WHAT YOU NEED TO DO =>
Output the data below exactly, without images.

GIVEN INFORMATION =>
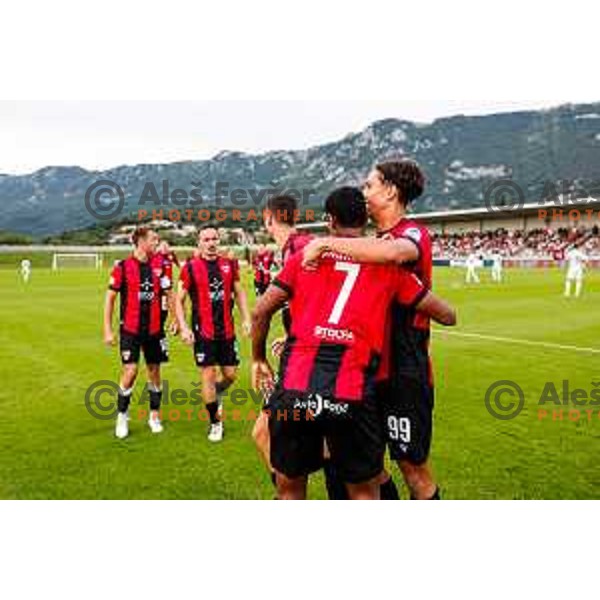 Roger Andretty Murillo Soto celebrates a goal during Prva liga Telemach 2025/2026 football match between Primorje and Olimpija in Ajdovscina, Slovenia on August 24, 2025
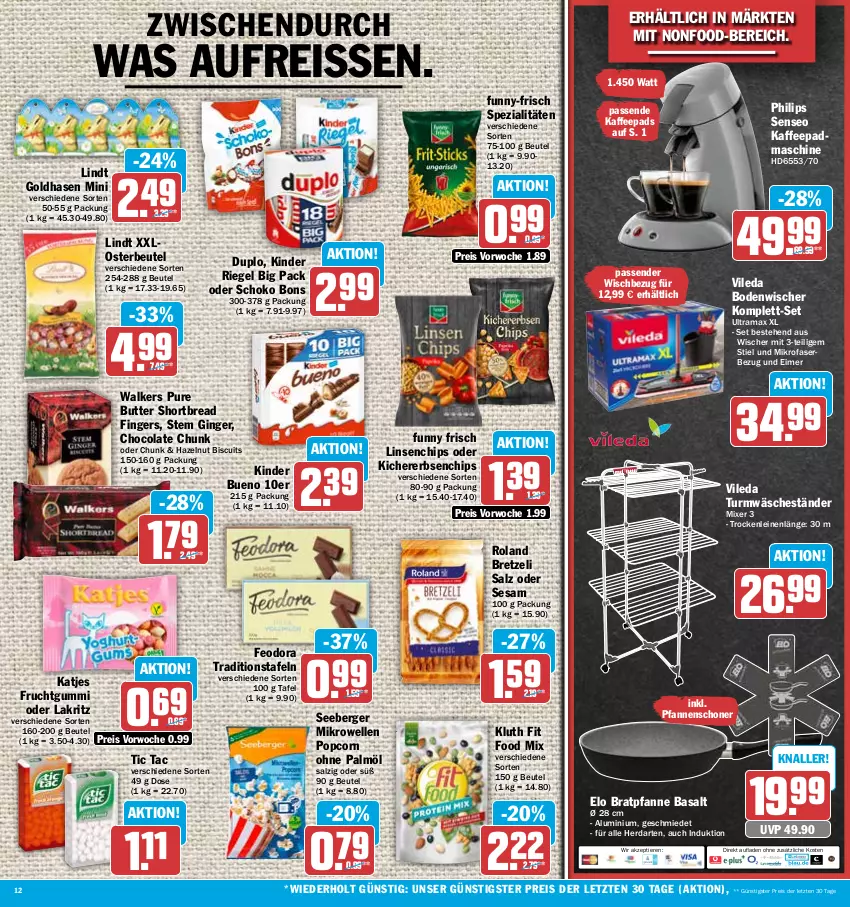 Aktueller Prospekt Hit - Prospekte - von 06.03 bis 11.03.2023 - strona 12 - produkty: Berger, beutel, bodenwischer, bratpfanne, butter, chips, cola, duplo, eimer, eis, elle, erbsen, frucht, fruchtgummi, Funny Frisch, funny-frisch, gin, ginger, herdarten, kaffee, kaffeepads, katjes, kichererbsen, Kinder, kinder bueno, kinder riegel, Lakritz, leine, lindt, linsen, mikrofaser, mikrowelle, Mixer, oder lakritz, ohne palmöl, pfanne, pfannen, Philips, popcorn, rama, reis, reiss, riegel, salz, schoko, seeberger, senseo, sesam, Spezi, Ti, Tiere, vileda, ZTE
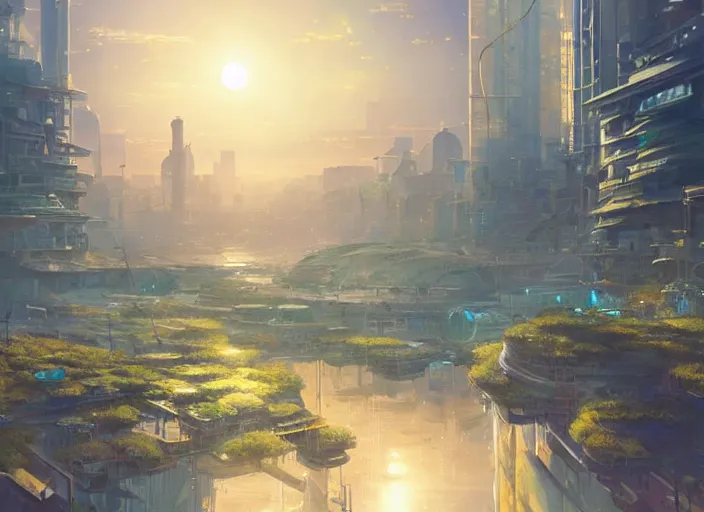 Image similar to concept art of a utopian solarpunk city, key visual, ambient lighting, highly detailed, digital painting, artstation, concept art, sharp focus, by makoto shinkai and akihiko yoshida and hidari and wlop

RESPONSE TO THIS EXERCISE =>
 Roger Andretty Murillo Soto celebrates a goal during Prva liga Telemach 2025/2026 football match between Primorje and Olimpija in Ajdovscina, Slovenia on August 24, 2025
 Aktueller Prospekt Hit - Prospekte - von 06.03 bis 11.03.2023 - strona 12 - produkty: Berger, beutel, bodenwischer, bratpfanne, butter, chips, cola, duplo, eimer, eis, elle, erbsen, frucht, fruchtgummi, Funny Frisch, funny-frisch, gin, ginger, herdarten, kaffee, kaffeepads, katjes, kichererbsen, Kinder, kinder bueno, kinder riegel, Lakritz, leine, lindt, linsen, mikrofaser, mikrowelle, Mixer, oder lakritz, ohne palmöl, pfanne, pfannen, Philips, popcorn, rama, reis, reiss, riegel, salz, schoko, seeberger, senseo, sesam, Spezi, Ti, Tiere, vileda, ZTE
 Image similar to concept art of a utopian solarpunk city, key visual, ambient lighting, highly detailed, digital painting, artstation, concept art, sharp focus, by makoto shinkai and akihiko yoshida and hidari and wlop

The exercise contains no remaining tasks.